Develop a batch based, single executable monitoring system with e-mail alerting on problems and a heartbeat system to
ensure it was always running.
- Dotnet Framework
- Visual Studio
- SentiLAN Heartbeat Monitor
24x7 monitoring of the mirrored SQL Servers to ensure the transactions are being mirrored and the system
performance is within acceptable parameters.
This client recognised the need to make the database servers for their manufacturing systems highly available through SQL Mirroring.
The servers are housed in geographically separate locations and connected by high-speed leased line. SQL Server Mirroring allows
the transactions to be replicated in real-time from the primary to mirror server. In the event of a link failure, these transactions
are queued until such time as the link is reinstated. The queued transactions are then applied to the mirror server and transactional
This process is presided over by a third server - the witness server. This server is responsible for identifying the failure of the primary server and via a quorum
vote, instructing the mirror server to take over live operations. While it does not participate in the transactional replication, its role is still important in the
overall running of the system.
This type of system has to be monitored to ensure all the components are functioning properly and efficiently. There is no point in having the primary
server fail, only to discover that the backup had failed some time back and nobody had noticed. Equally disastrous would be a backup server that was
failing to keep up to date with the transactions being replicated from the primary. In the event of a failover, there then becomes a discrepancy in the
data. Finally, a successful failover from primary to backup which goes unnoticed can leave the company at risk if no-one knows the primary requires attention.
However, they were to subsequently discover a considerable lack of monitoring tools for this type of solution.
Their requirement was to have a suitable monitoring tool developed quickly. It needed to place no demands on their internal IT team or infrastructure
and had to run in the existing SQL Server environment. This meant it had to be extremely lightweight, easy to install and simple to configure.
The monitoring tool had to not only monitor the health of the transactional mirror, but also the general availability of the three servers, the
performance of the replication and a few other general health indicators such as disk space.

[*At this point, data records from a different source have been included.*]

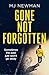 Gone Not Forgotten by M.J.    Newman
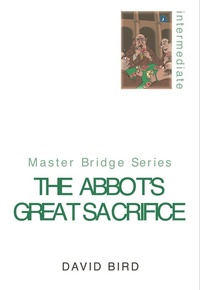 Abbildung von: The Abbot's Great Sacrifice - Cassell Reference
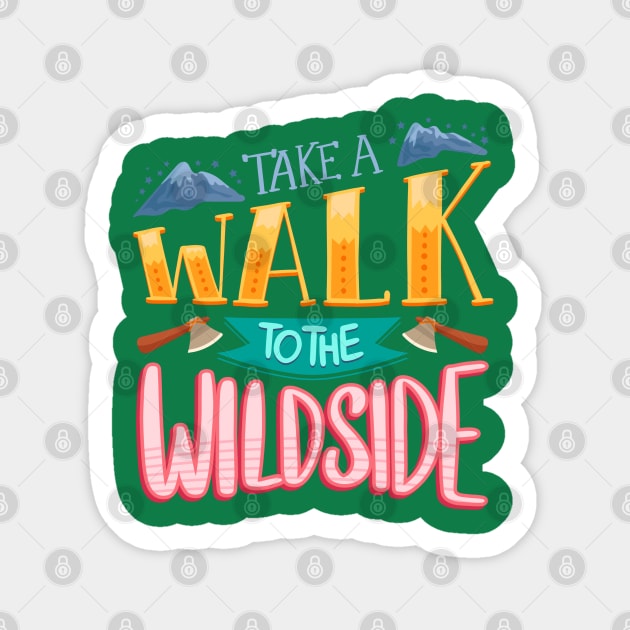 Take A Walk To The Wild Side Sticker by Mako Design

We elected to develop a simple console utility which could be triggered by the built-in operating system scheduler every few minutes. It performs the following functions:
- Ping all servers for basic availability. Alert if the ping does not respond, or latency is above acceptable limits.
- Check the disk space on all servers. Alert if space is below acceptable limits.
- Make a database connection to each server. Alert if the connection fails.
- Check the mirror status of all mirrored databases. Alert if the mirror is degraded or failed over.
- Check the size of the replication queues and the rate they are being processed. Alert if outside acceptable limits.
The application maintains state information between executions in order to calculate the replication rates.
In the event a problem is discovered, a detailed e-mail is dispatched to key support/business support personnel as well as to the Exmos support team/developers.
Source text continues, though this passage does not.